*** Block opens ***

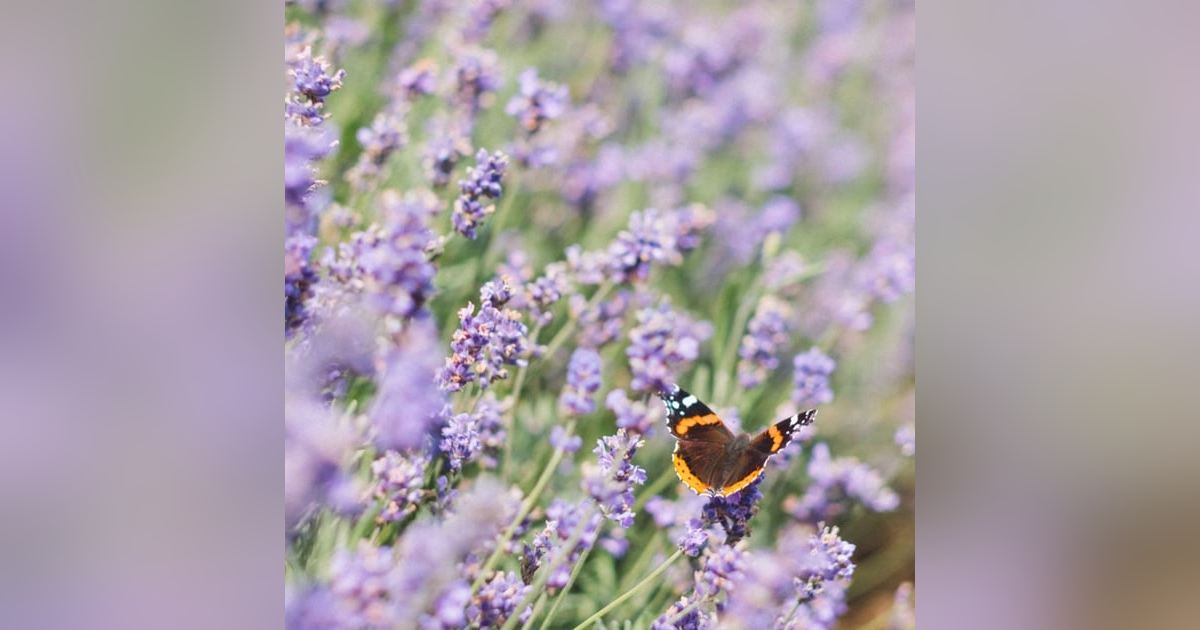 Episode 1371 - Not Conformed But Transformed Episode 1371 - Not Conformed But Transformed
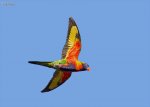 lorikeet7.jpg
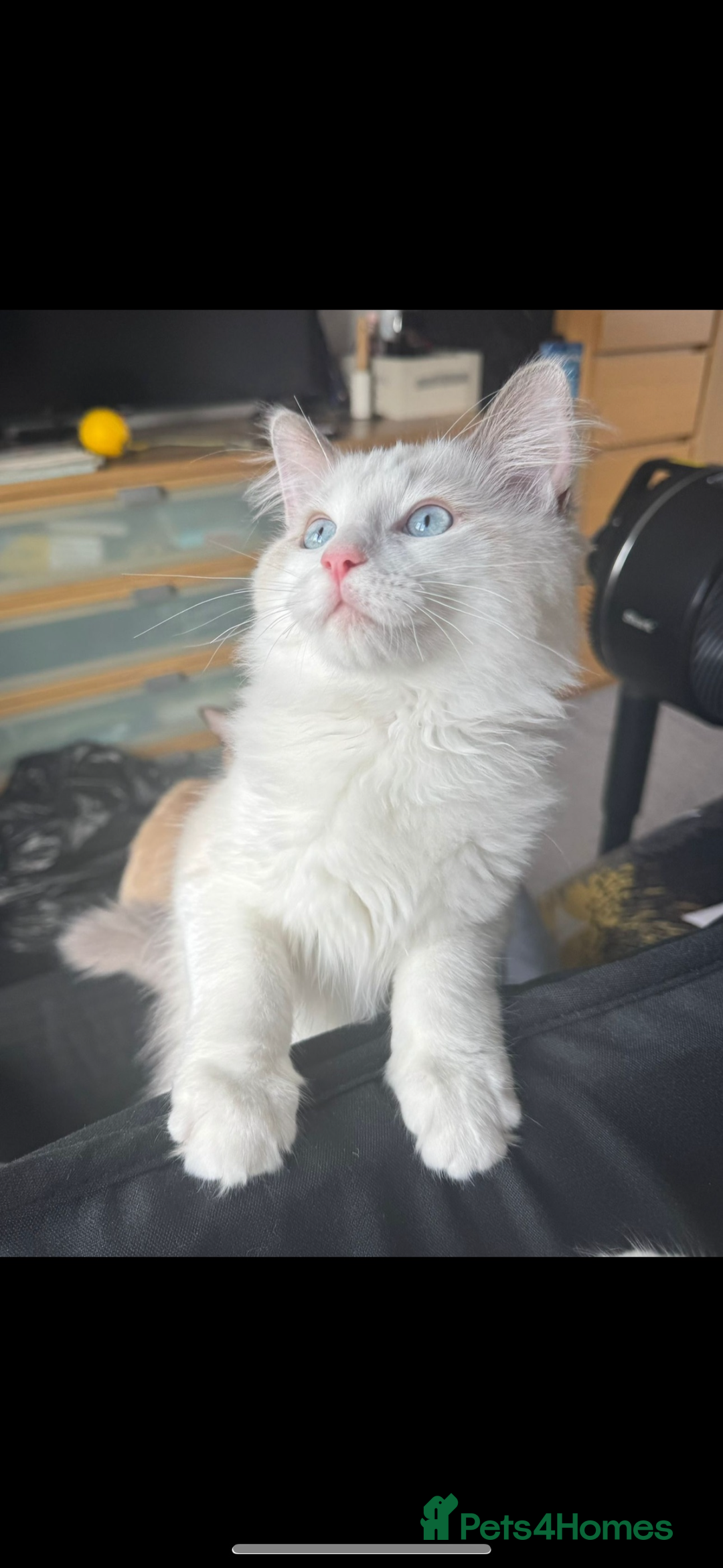 Ragdoll cats for sale: Ragdoll boy - Image 3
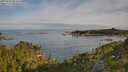./images/calvert/foggy-cove/20250804/foggy-cove20250804_082510M.jpg
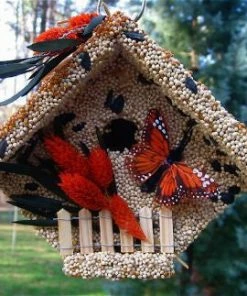 Mr. Bird Casita Edible Birdhouse Unique Birdhouses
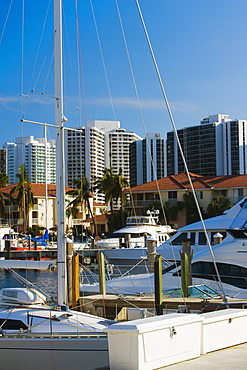 Boats docked at a harbor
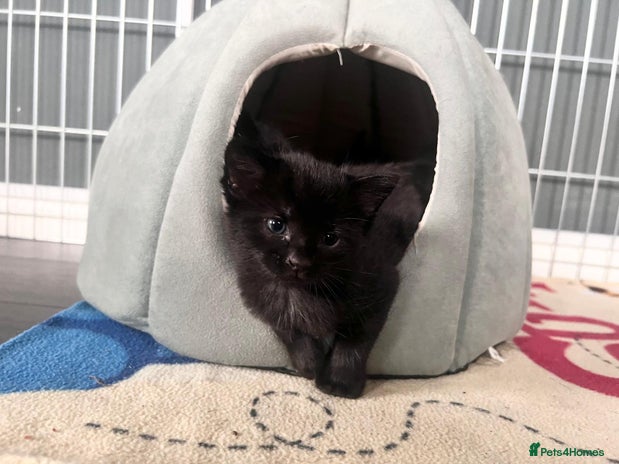 Mixed Breed cats - Advert 4
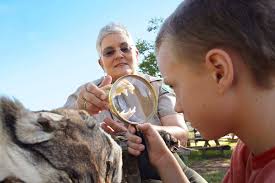 This bench will be placed at Prairie Branch play ground. Patti's bench in  memory. Thanks to the family for your patronage to the park and your  donations.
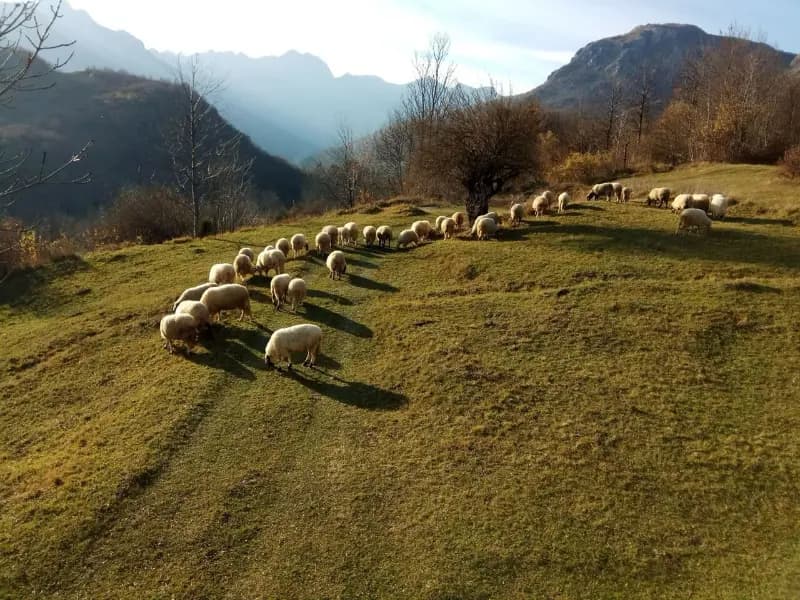 Kolašin'de Arazi — Eko-köy projesi ile 14.474 m2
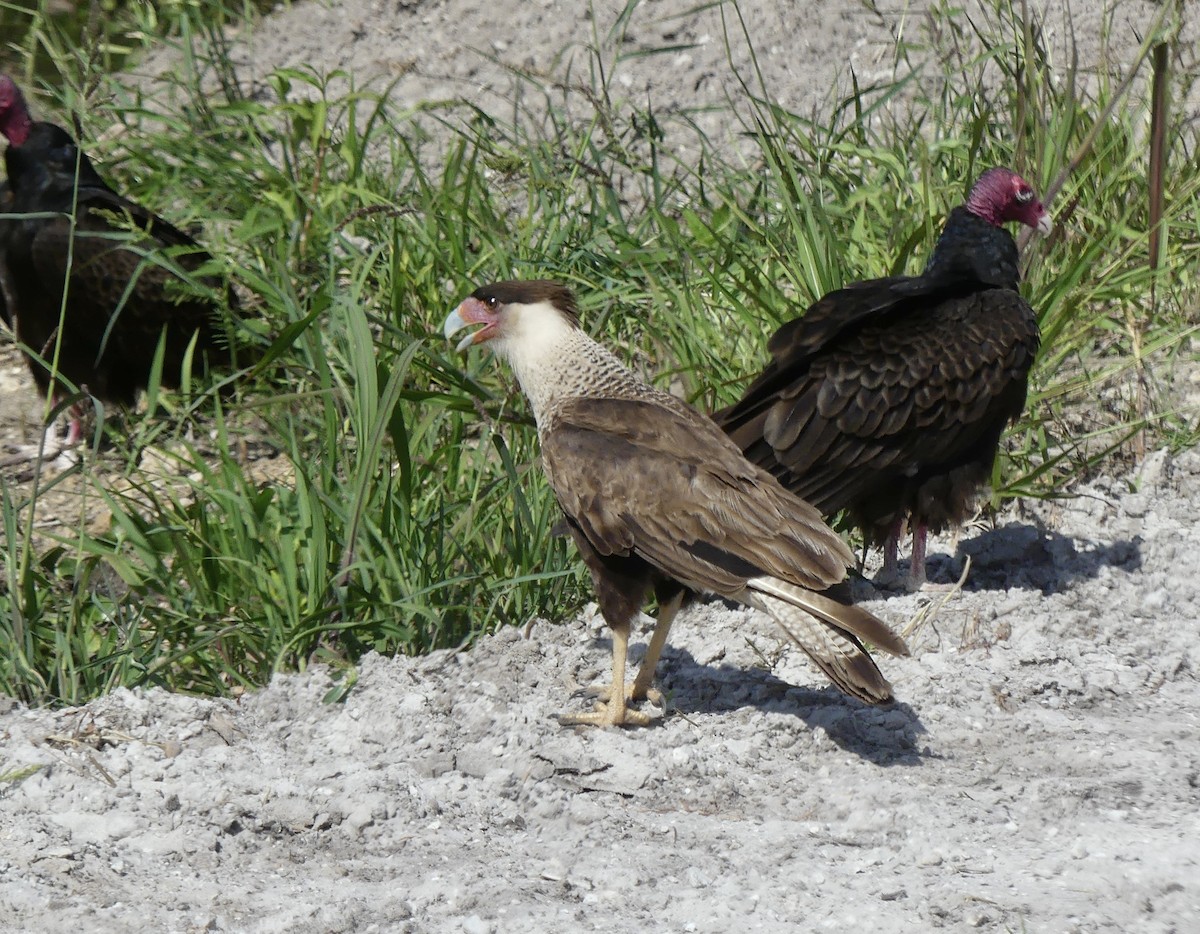 Crested Caracara - ML634597313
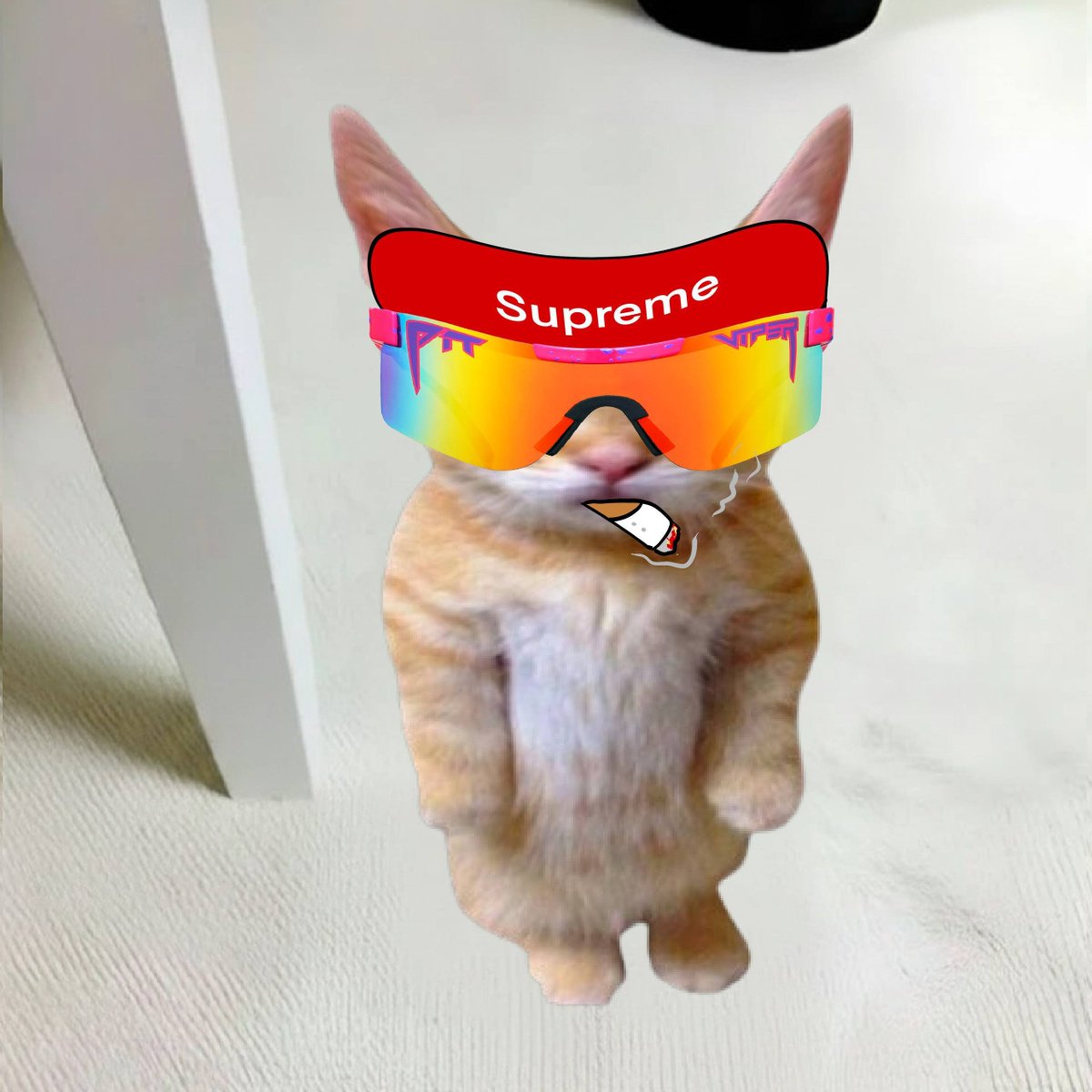 Romano_yeah's tweet photo. @pattyice @zyvrxyz @blknoiz06 @tradingtulips @based16z $ELGATO 😍 https://t.co/B0A7obatg6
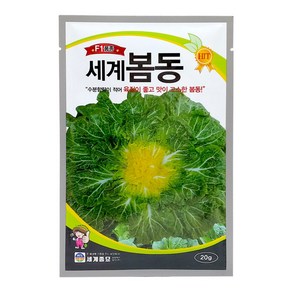 모칸도 세계종묘 쌈채소씨앗 봄동 20g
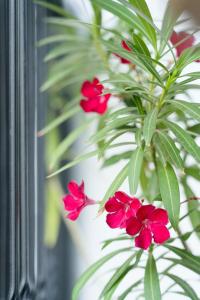 Charming & Central 1BR Ap 2 balconies -Old town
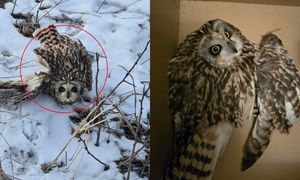 Dramat w lesie pod Grotnikami. Tylko spójrz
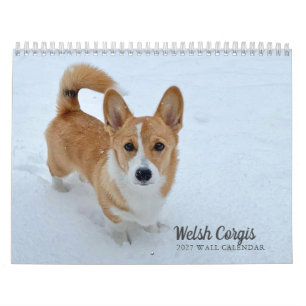 Calendário Fotografia de Cachorro Cute Welsh Corgi 2027 na Pa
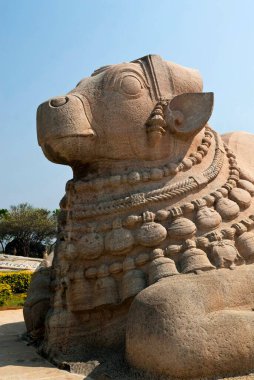 Lepakshi 'deki en büyük monolitik nandi heykeli; Andhra Pradesh; Hindistan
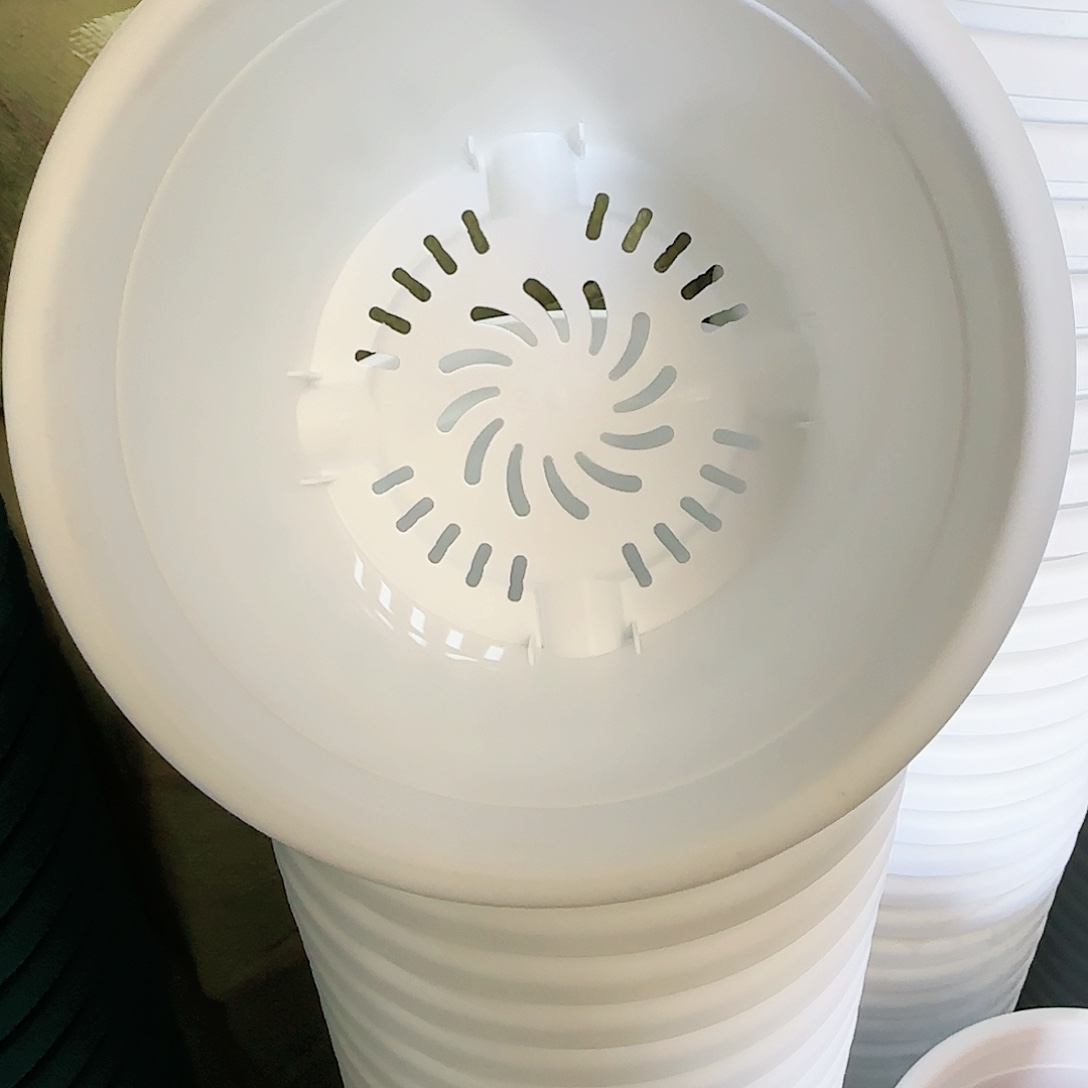 树脂四季3号10个无拖纯白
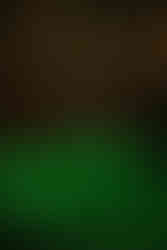 Binnenzwembad en hottub met sterrenhemel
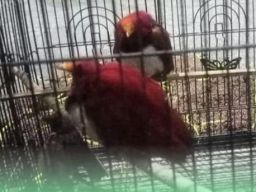 Karantina Jawa Timur Gagalkan Upaya Perdagangan Satwa Langka Asal Papua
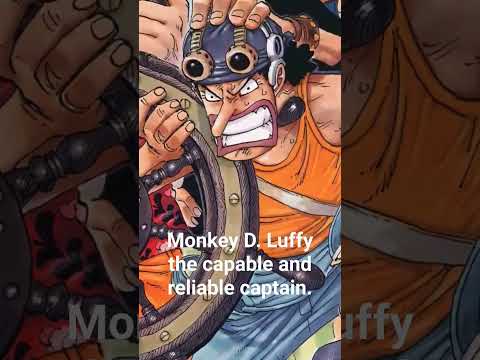 Monkey D. Luffy the capable and reliable captain. #onepiece #anime #shorts #manga #shortvideo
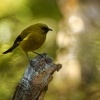 Medosavka novozelandska - Anthornis melanura - Bellbird - makomako 5721-1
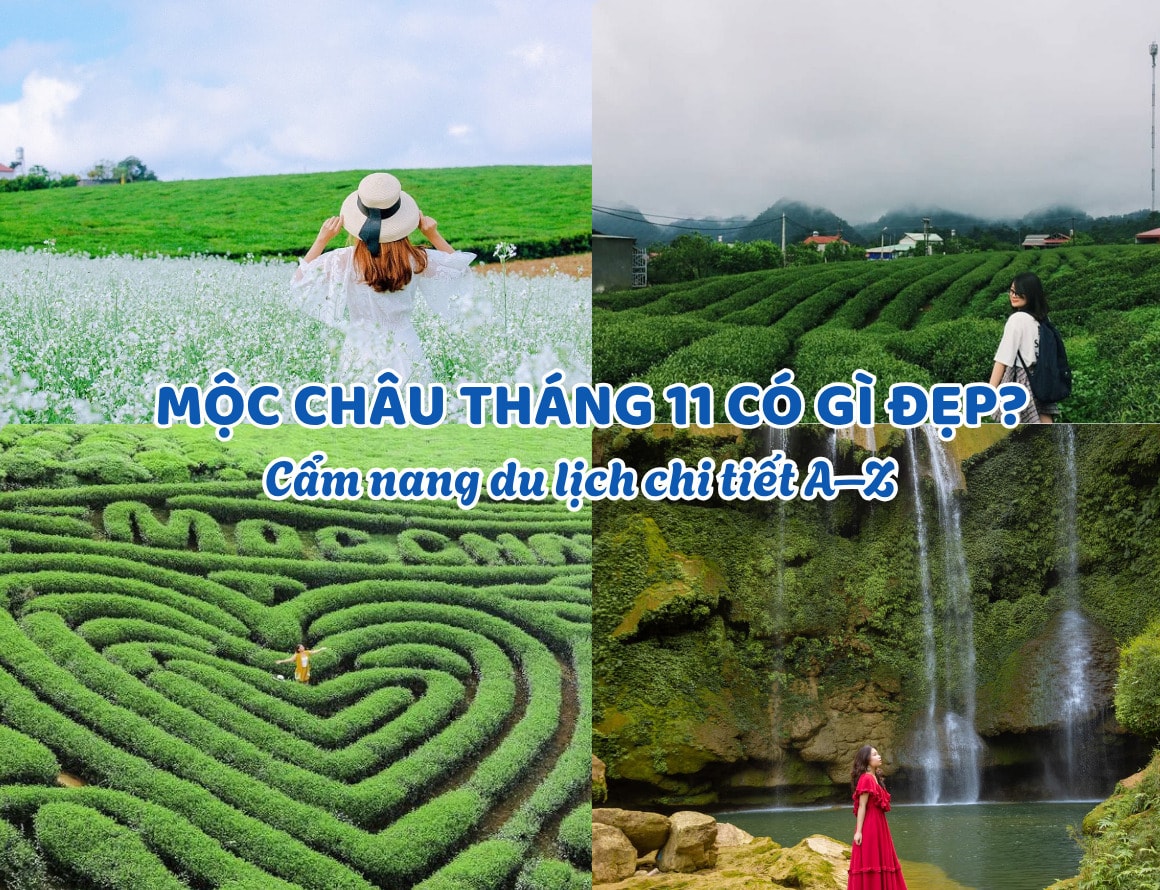 Mộc Châu tháng 11 có gì đẹp? Cẩm nang du lịch chi tiết A–Z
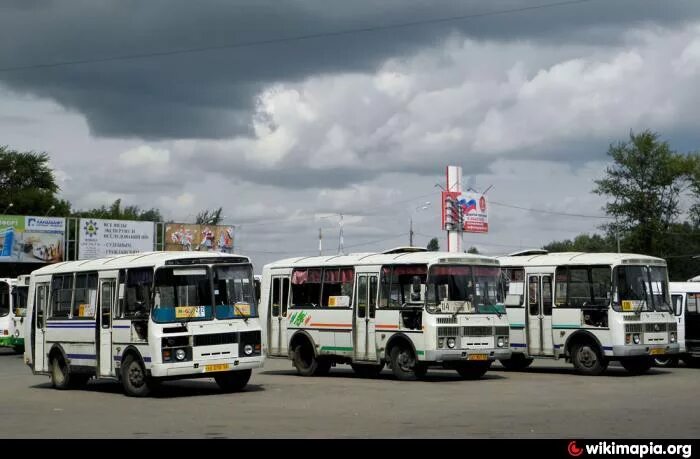 Расписание 1 кстово старое. Расписание 1 кстово старое. Расписание автобусов сокол вологодская область по городу. Автобусы сокол вологда 2022 расписание автобусов. Расписание автобусов сокол вологодская область по городу 2021 новое.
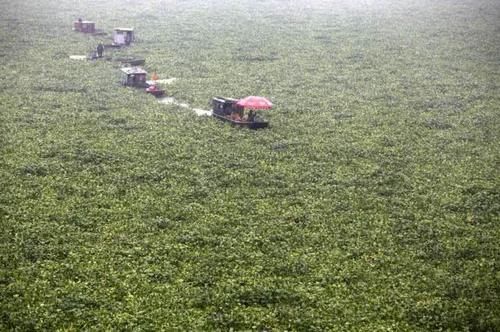 侵入我国的水葫芦，现在都到哪去了？老外：这就是中国人的智慧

*** Block closes ***

**What to work on:** Word-for-word transcription: the whole listing, with images excluded.

**Exercise response:**
 Episode 1371 - Not Conformed But Transformed Episode 1371 - Not Conformed But Transformed
 lorikeet7.jpg
 Ragdoll cats for sale: Ragdoll boy - Image 3
./images/calvert/foggy-cove/20250804/foggy-cove20250804_082510M.jpg
 Mr. Bird Casita Edible Birdhouse Unique Birdhouses
 Boats docked at a harbor
 Mixed Breed cats - Advert 4
 This bench will be placed at Prairie Branch play ground. Patti's bench in  memory. Thanks to the family for your patronage to the park and your  donations.
 Kolašin'de Arazi — Eko-köy projesi ile 14.474 m2
 Crested Caracara - ML634597313
 Romano_yeah's tweet photo. @pattyice @zyvrxyz @blknoiz06 @tradingtulips @based16z $ELGATO 😍 https://t.co/B0A7obatg6
 모칸도 세계종묘 쌈채소씨앗 봄동 20g
 Charming & Central 1BR Ap 2 balconies -Old town
 Dramat w lesie pod Grotnikami. Tylko spójrz
 Calendário Fotografia de Cachorro Cute Welsh Corgi 2027 na Pa
 Lepakshi 'deki en büyük monolitik nandi heykeli; Andhra Pradesh; Hindistan
 树脂四季3号10个无拖纯白
 Binnenzwembad en hottub met sterrenhemel
 Karantina Jawa Timur Gagalkan Upaya Perdagangan Satwa Langka Asal Papua
 Monkey D. Luffy the capable and reliable captain. #onepiece #anime #shorts #manga #shortvideo
 Medosavka novozelandska - Anthornis melanura - Bellbird - makomako 5721-1
 Mộc Châu tháng 11 có gì đẹp? Cẩm nang du lịch chi tiết A–Z
 Расписание 1 кстово старое. Расписание 1 кстово старое. Расписание автобусов сокол вологодская область по городу. Автобусы сокол вологда 2022 расписание автобусов. Расписание автобусов сокол вологодская область по городу 2021 новое.
 侵入我国的水葫芦，现在都到哪去了？老外：这就是中国人的智慧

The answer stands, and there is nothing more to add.